When it came to the lighting portion of the project the logical solution was a control and networking infrastructure by ETC. Based on similar system architectures that have been employed at the BBC and Sky in the United Kingdom, the ETC system was designed to be able to control any studio from any control room. The initial phase of the installation incorporated Studios 1, 3, 6 and 9 which all came online during last year. Further expansion with new studios is planned throughout this year as well.

But having the right solution is only half of the equation. It still needs to be installed, commissioned and handed over and the tight deadlines on this project made that an even more pressing task. Taking on the challenge was Protea Technology who were awarded the tender for the entire project. To assist Protea with the lighting portion, Prosound was commissioned, the Prosound Projects and Installation Team was headed by David Butcher, David’s task was to oversee the lighting portion of the project which included no less than four studios’ worth of lighting control, networking infrastructure and power distribution.

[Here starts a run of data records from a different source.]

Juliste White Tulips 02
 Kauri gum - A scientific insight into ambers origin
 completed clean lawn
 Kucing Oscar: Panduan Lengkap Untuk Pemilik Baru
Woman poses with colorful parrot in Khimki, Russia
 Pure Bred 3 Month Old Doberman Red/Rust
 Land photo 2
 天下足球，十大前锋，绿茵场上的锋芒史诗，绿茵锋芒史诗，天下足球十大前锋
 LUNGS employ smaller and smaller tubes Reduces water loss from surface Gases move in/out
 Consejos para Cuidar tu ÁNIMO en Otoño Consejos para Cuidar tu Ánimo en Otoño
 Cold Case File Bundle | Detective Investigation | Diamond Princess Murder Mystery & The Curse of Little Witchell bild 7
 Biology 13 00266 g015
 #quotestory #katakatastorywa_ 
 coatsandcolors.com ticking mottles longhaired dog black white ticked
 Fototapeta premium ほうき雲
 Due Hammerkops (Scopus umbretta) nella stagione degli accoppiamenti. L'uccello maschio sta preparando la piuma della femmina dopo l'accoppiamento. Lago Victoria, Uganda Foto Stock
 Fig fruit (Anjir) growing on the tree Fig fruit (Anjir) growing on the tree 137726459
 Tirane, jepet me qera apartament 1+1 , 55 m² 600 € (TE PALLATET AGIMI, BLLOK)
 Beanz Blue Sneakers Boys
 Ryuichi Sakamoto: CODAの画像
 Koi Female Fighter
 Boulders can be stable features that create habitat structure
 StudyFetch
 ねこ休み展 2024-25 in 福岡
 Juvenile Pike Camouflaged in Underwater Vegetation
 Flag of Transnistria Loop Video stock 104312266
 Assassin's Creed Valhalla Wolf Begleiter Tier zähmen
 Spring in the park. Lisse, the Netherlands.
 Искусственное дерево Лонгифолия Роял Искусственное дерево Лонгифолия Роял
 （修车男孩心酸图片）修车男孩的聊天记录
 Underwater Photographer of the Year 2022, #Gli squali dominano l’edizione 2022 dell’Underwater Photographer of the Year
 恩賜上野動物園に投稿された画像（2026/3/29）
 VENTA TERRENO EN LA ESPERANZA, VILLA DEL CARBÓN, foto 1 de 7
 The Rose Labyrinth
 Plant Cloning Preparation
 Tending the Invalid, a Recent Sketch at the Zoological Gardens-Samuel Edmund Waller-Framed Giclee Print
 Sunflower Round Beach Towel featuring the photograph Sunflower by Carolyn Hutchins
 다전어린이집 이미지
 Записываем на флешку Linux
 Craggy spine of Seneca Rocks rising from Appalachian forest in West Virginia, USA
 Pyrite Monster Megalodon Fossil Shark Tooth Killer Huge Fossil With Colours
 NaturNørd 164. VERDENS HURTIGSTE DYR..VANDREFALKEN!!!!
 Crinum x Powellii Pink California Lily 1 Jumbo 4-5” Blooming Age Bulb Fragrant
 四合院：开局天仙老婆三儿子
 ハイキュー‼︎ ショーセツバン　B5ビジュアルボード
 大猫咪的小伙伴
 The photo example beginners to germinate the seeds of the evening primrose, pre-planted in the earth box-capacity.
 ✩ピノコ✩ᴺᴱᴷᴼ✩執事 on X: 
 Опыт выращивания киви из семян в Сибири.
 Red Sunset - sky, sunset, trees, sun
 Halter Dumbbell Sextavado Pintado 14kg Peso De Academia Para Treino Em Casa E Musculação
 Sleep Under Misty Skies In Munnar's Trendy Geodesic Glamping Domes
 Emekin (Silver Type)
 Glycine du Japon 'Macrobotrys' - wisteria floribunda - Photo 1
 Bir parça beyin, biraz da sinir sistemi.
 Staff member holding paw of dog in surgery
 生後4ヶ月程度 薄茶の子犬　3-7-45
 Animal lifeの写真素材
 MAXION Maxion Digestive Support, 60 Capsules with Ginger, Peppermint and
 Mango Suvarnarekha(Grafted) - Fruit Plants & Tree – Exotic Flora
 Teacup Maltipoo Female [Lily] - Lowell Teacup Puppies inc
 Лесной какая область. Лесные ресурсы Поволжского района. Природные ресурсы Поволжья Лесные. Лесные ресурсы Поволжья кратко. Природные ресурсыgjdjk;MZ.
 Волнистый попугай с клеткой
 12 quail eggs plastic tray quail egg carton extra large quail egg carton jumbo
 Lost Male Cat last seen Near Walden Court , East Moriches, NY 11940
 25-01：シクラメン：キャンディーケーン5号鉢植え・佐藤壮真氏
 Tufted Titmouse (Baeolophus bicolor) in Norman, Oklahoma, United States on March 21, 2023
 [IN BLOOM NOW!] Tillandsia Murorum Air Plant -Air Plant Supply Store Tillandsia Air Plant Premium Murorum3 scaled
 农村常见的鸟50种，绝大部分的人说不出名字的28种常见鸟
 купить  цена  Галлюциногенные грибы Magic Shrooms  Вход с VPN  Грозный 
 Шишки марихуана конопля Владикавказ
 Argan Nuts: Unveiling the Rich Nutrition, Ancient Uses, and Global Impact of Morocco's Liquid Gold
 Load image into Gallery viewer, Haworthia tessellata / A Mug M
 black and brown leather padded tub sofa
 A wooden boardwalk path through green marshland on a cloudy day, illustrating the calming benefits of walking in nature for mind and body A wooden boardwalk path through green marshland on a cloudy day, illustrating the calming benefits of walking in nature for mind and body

A particularly interesting feature of the project was the idea that any Studio could be controlled from any Control room at any given time. This meant there was always going to be a heavy reliance on networked IP based systems running through a central switch. Hard-line DMX was not an option for the project and neither was placing bulky external processing units all around the complex. Fortunately, because ETC’s Eos family of consoles do all their processing on board, all that is then required is the distribution of that signal around the facility. For that there are the ETC Gateway Nodes which can be clamped to the overhead grid where they convert sACN signal to DMX before sending the signal along its way to the fixtures. That makes the rig versatile as you can have any port be any universe you choose, at any point in the rig you would like.

But the challenges didn’t stop there. Urban Brew’s fixture inventory represented a mix of LED, Tungsten and Halogen Moving Lights meaning simple dimmers were not going to cut it. The answer, once again, came from ETC in the form of their ColorSource ThruPower units which can switch between dimming, relay and constant current circuits, all via RDM or at the rack itself. Each studio was installed with 4 x ColorSource 24 circuit Wall units except for studio 9 which received 8 x ColorSource 24 circuit Wall units.

That’s a total of 480 circuits, across four studios and control rooms, each with their own console and over fifty gateway nodes to distribute DMX. It’s no wonder that David Butcher’s eyes tear up a little when you say the phrase ‘Urban Brew’ near him.

The Urban Brew Studios project represents a massive leap forward in the South African broadcasting space. It is the biggest installation of its kind outside of the SABC which was built in the 1970s. It is easily the most modern facility of its kind in the country and plays host to productions which range from the National Lottery Draw to YoTV and The Voice South Africa.

Clearly a facility of this calibre deserves nothing but the best. With their new ETC infrastructure, backed up by the potent partnership between Prosound and Protea Technology, they can rest assured that they’ve got exactly that.